Students ask their governments and parents: “Why should I be studying for a future that soon may exist no more, if no one does anything to save that future?” And they pledge: “Dear adults, use your power!” The youngsters gather in front of their town halls, exposing signs and pictures #Fridaysforfuture or #Climatestrike.
How did this global movement start? It all began with the activism of one person, a girl from Sweden. Who is that girl? Greta Thunberg is a Swedish student, aged 15 in 2018. Due to the hot summer in 2018, causing severe fires in large forests in Sweden, she decided on August 20 to boycott school lessons until the general elections in her country on September 9 would have taken place. And she did. Her motivation: To advocate for the obligations voluntarily taken over by the Swedish government to reduce carbon emissions as foreseen by the Paris Agreement on Climate Change.
But even when the elections had taken place, she continued to boycott school lessons on Fridays. As a climate activist she has become a role model for thousands of students all over the world. In the following months, students followed her, in December 2018 there were more than 20.000 students in about 270 cities “on strike”, in Japan, Finland, USA, Australia and Germany. And these demonstrations do continue – every Friday, having now reached the impressive number of 1.6 million participants.

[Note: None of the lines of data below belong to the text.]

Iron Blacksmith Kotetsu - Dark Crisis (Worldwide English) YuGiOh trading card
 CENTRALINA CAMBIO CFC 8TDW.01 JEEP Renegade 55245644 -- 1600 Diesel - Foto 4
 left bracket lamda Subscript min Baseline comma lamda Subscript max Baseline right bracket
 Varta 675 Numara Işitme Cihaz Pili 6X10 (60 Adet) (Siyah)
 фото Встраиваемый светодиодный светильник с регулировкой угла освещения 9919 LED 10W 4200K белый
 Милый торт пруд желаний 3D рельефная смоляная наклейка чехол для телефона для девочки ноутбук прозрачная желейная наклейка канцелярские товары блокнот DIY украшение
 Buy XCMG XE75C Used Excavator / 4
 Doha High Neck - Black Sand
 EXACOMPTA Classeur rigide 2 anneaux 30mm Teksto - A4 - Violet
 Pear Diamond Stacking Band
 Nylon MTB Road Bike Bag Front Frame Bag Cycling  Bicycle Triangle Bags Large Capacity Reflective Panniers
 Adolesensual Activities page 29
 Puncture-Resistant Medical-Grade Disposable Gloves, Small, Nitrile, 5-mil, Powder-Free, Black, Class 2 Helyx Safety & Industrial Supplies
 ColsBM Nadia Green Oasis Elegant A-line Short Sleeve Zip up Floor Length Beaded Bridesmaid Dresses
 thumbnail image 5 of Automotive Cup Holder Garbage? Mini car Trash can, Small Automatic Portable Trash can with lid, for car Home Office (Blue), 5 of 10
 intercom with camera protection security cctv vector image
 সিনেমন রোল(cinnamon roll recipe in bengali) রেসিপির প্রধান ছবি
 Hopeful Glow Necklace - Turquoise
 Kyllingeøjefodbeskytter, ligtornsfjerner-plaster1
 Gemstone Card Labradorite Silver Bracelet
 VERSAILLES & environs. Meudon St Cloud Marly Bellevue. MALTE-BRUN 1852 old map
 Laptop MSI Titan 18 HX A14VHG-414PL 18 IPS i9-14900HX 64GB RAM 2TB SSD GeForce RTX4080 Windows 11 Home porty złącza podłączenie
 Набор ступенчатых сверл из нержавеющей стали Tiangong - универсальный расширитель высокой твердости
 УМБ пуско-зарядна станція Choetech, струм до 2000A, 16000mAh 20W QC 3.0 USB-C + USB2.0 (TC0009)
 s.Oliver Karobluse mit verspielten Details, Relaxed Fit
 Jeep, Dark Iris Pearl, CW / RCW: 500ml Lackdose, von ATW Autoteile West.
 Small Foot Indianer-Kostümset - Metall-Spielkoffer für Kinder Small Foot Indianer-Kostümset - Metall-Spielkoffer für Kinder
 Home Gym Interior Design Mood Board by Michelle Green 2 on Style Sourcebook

You can listen to Greta Thunberg’s impressive speech addressing political leaders at the climate conference in Katowice (COP 24). What is her message to all these leaders and politicians? She argues that the adults in charge only speak about green growth because they are too scared to take measures which could be unpopular.
From her point of view, the wrong decisions taken in the last decades are the cause for the mess we are in today. And she explains to the powerful leaders that they are not mature enough to take responsible decisions, even this burden is left to the children. Whereas in industrialized countries people can enjoy wealth, people in developping countries, especially children, suffer and are threatened with regard to their future.
This is a powerful statement. In the meantime, Greta has celebrated her 16th birthday. She has the Asperger syndrome, a mild form of autism. However, she is capable to come up with a clear view and responsible position with regard to the future and the action needed.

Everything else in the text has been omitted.